The Korumburra Cenotaph: nominated and written by Dennis Conn

The Cenotaph was first built in 1922 and unveiled in the same year by Brigadier General Elliot, in 1924 the RSL had an electric lamp placed on the top of the Cenotaph. It stood at the intersection of Commercial and Bridge streets at the apex of the commercial area and in front of what is now the Scott’s Estate Agency building until sometime in the 1970’s. Not the only freestanding monument of its type, however its height and size make it unique within South Gippsland. There would not be many people having moved into South Gippsland that would know of the previous location of this monument and its history. No doubt there are to be found in the Historical Societies collection, photos of the Cenotaph at its original site.

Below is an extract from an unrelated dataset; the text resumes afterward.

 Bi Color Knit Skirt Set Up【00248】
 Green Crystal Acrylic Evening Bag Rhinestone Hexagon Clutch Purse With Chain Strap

The Cenotaph in its self has a fascinating and moving story, as is to be found in Tony and Andrew Moons book “Far From Home”. In order to upgrade the afore mentioned intersection Vic Roads had asked the then Korumburra Shire Council to approve its relocation. While the present location of the upgraded and enhanced Cenotaph has provided a much quieter environment for reflection, its removal from its original site, a prime location at the centre of our community, took with it something of the historical and cultural ambience it had invoked within the commercial area and heart of the town.

Railway Underpass nominated by Linda Fisher


The railway subway is one of the less obvious historical wonders of our town. Plans began in 1895 for the subway, with a deputation of residents meeting with Railway Commissioners, urging them to begin the subway as soon as possible. The subway was included in a list of works which would cost approximately £52,000, over 8 million in today’s currency. The plans for the subway had it ’beginning at the west end of the refreshment rooms, and brought out to meet the present pathway at the foot of the steps’. The subway was to be 8 feet wide. Although the Railway Commissioners visited Korumburra in July of 1895 and declared work would begin immediately, tenders were out put for the construction and closed in September. On Monday 10th September 1895 the contact was awarded to Messrs Smith and Sanders. The subway and a new engine shed were set to cost £2,500. The subway was completed probably in early 1896. In the early 1900’s it was extended out to Station Street.

What do you think? You can vote in the poll below and make suggestions in the comments.

The poll is now closed, Thank you for voting.

Featured Image: Korumburra Railway Station © dilettante.ink


2 Comments

Dawso · October 25, 2020 at 12:06 am

Why is eveything man.made…
What about mother nature, or is the town.and surrounds so self focused on white man made crap?

    Olga Hughes · October 25, 2020 at 12:13 am

    Because the focus in this particular instance is on the former Shire of Korumburra and what is left of the various towns that made up the shire, not on the 60,000 years before that. Perhaps you have an idea to contribute?